**WORK ITEM:**
All of the records below are to be printed exactly; the pictures are to be left out.

**DATASET EXTRACT:**
+ + + + + + +

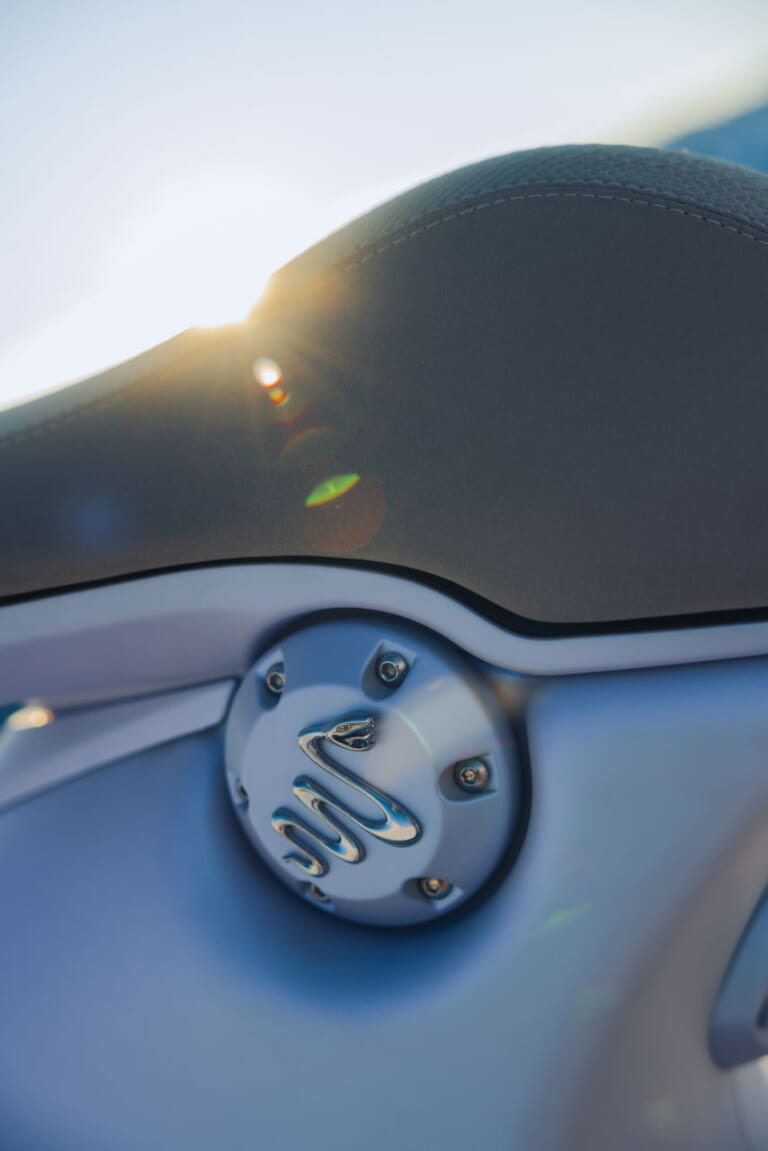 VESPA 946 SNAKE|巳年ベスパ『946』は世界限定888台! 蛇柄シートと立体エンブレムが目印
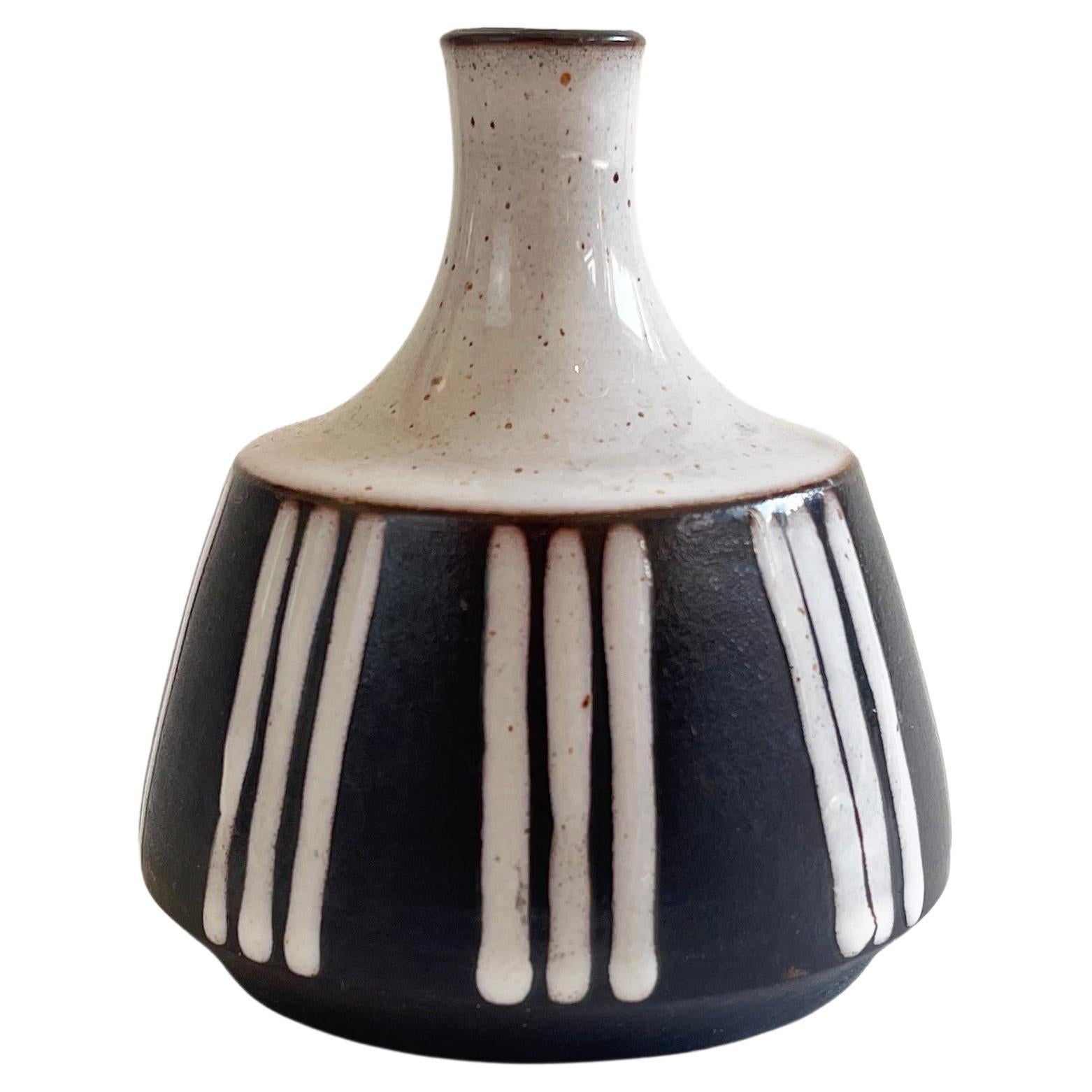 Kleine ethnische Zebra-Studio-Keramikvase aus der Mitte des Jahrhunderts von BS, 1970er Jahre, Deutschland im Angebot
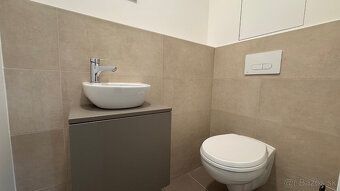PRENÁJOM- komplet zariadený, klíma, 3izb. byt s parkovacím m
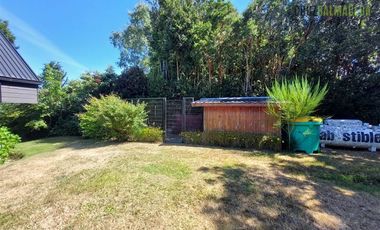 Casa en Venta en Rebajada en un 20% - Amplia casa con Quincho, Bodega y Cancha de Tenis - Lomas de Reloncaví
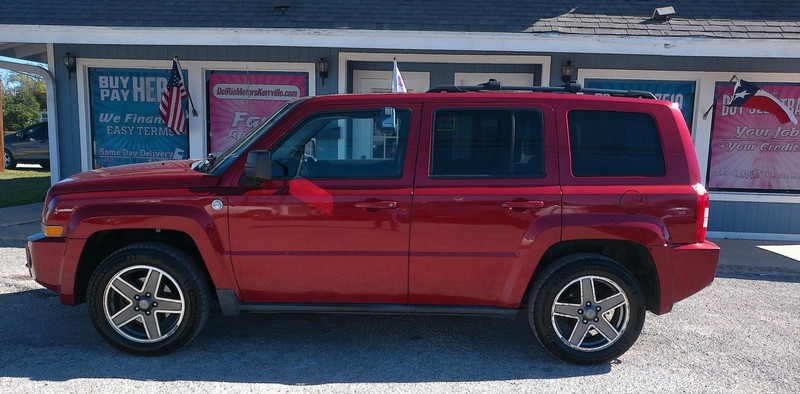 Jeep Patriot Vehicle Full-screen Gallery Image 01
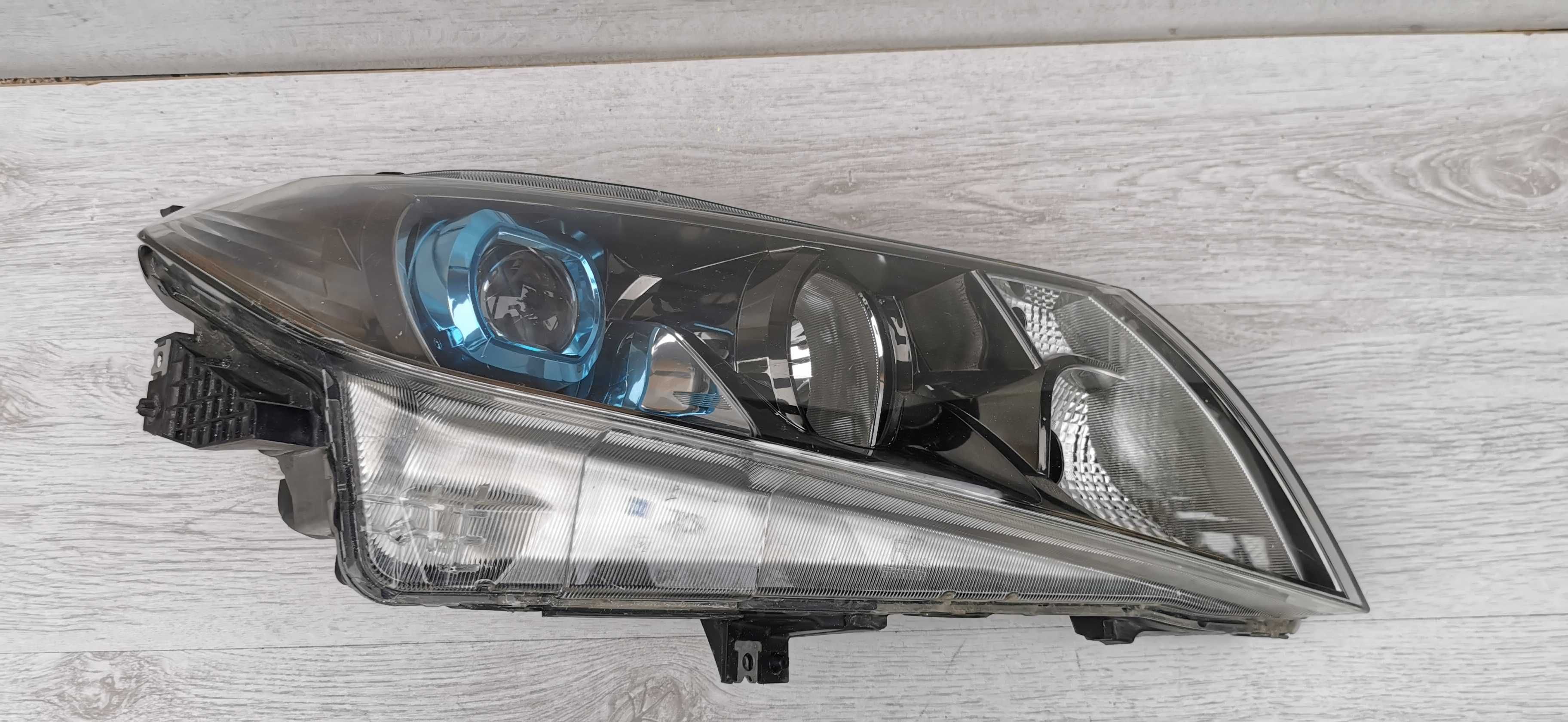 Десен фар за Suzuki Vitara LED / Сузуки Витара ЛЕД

+ + + + + + +

**EXERCISE RESULT:**
 VESPA 946 SNAKE|巳年ベスパ『946』は世界限定888台! 蛇柄シートと立体エンブレムが目印
 Kleine ethnische Zebra-Studio-Keramikvase aus der Mitte des Jahrhunderts von BS, 1970er Jahre, Deutschland im Angebot
PRENÁJOM- komplet zariadený, klíma, 3izb. byt s parkovacím m
 Casa en Venta en Rebajada en un 20% - Amplia casa con Quincho, Bodega y Cancha de Tenis - Lomas de Reloncaví
 Jeep Patriot Vehicle Full-screen Gallery Image 01
 Десен фар за Suzuki Vitara LED / Сузуки Витара ЛЕД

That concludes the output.